The recent jump in spam attacks from ISP customers worldwide has spiked again, so we decided to do a little more digging. Much of the ‘ransomware’ spam has been sent in this manner, and while most email servers should be configured to reject any email attempts from these type of connections, it is still a large burden on the internet, and there MUST be email servers allowing it still, otherwise they would give up.
However, these spam attacks are just part of the risks, as those compromised locations could be used for much more serious and damaging attacks, like the recent attacks which brought down a serious part of the internet last week.
In this case, we decided to follow-up using attempts from one of the ISP’s that work with, but we will keep their name out of it to protect the innocent? so to say.. Frankly, this is a world wide problems, and there are a lot larger ISP’s with the same problem.
So, we took one of the IP(s) that was used in spam attacks, and took a look at it.
A quick ‘nmap’ revealed that Port 80 was open at that IP, so we took out our handy browser to see what was on that IP Address, and low and behold a Netgear Login page showed up.
For those of you that don’t know it, Netgear is a VERY common router/wifi maker, that is sold and used worldwide, and ISP customers can buy them at most large retailers. It is used to allow the whole household (and every IoT device there) to access the internet.
However, the problem is that it is shipped ‘so easy to use’ that most people just plug it in, and it works.. without ever changing a setting. Only thing is, that by default it is open to the public, and is configured with a default password that the whole world knows.
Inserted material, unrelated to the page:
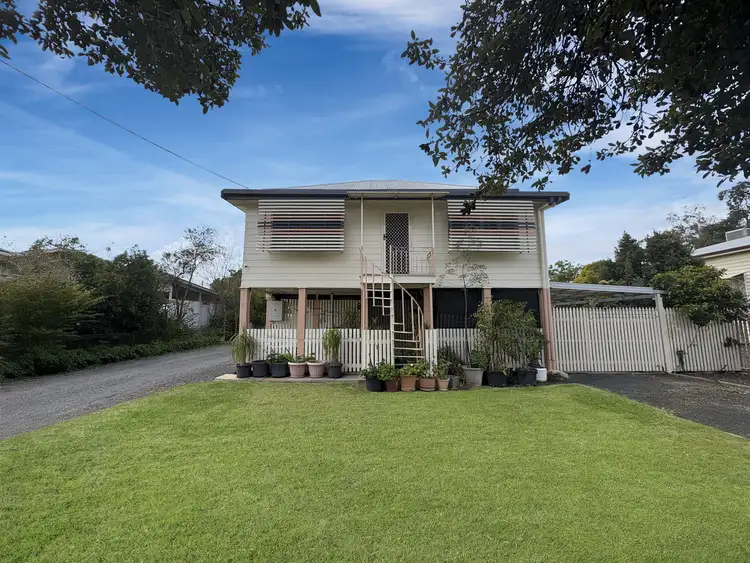 23 Scarlet Street, Dalby QLD 4405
Some ISP’s even provide these devices, ‘as a managed service’ so they can easily help the customers and test connectivity. But the default password is the dangerous part. (Of course, ISP’s should consider blocking inbound traffic on risky ports, to dynamic IP Addresses).
So, a 5 second ‘google’ search gave us the default password. (Nice that Netgear also gives you the version number when you hit the login page).
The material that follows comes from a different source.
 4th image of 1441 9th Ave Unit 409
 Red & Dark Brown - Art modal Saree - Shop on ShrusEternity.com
And of course, guess what.. it worked. What the ordinary person MIGHT NOT KNOW, is that if someone logs into their router, they can do ANYTHING. (Including sniffing all the traffic, stealing passwords, banking information, personal information) They can even TAKE OVER THE device, including loading their own software, operating system, trojans, botnets and more.
Once logged in, we wanted to be polite, so we didn’t change anything (wish the hackers did, they left the admin password open for the next person as well) But we did quickly look at the Advanced tab, and the logs. Looks like someone from the Ukraine and someone from Russia (or at least from machines in those countries) has already beat us to it.
While we could have fully investigated what those previous ‘visitors’ did to the NetGear itself, this didn’t seem right to do without permission. After all, it is someone else’s property. And besides, it doesn’t matter. Once they are in the NetGear, they could choose to attack a lot more vulnerable targets inside the house, eg cameras, TV’s, thermostats, that would be harder to detect as their ‘hiding place’.
A quick check of the rest of this ISP’s network, showed that this wasn’t an isolated case, with literally hundreds of vulnerable locations.
But it pails in comparison to some ISP’s with literally thousands of those ‘soft targets’. It isn’t a matter of if there will be another big attack on the internet, it is simply a matter of ‘when’.
So, maybe this will make you think twice before using your friends home wifi network as well.
Recommendations? Manufacturers need to step up, I would hate to wait until they are legislated to do so. No device should be able to connect to the internet with a default admin password open to the world. And ISP’s have to take more responsibility on locking their own networks down, as you can’t expect your customers to do this. Remember, the next target could be you.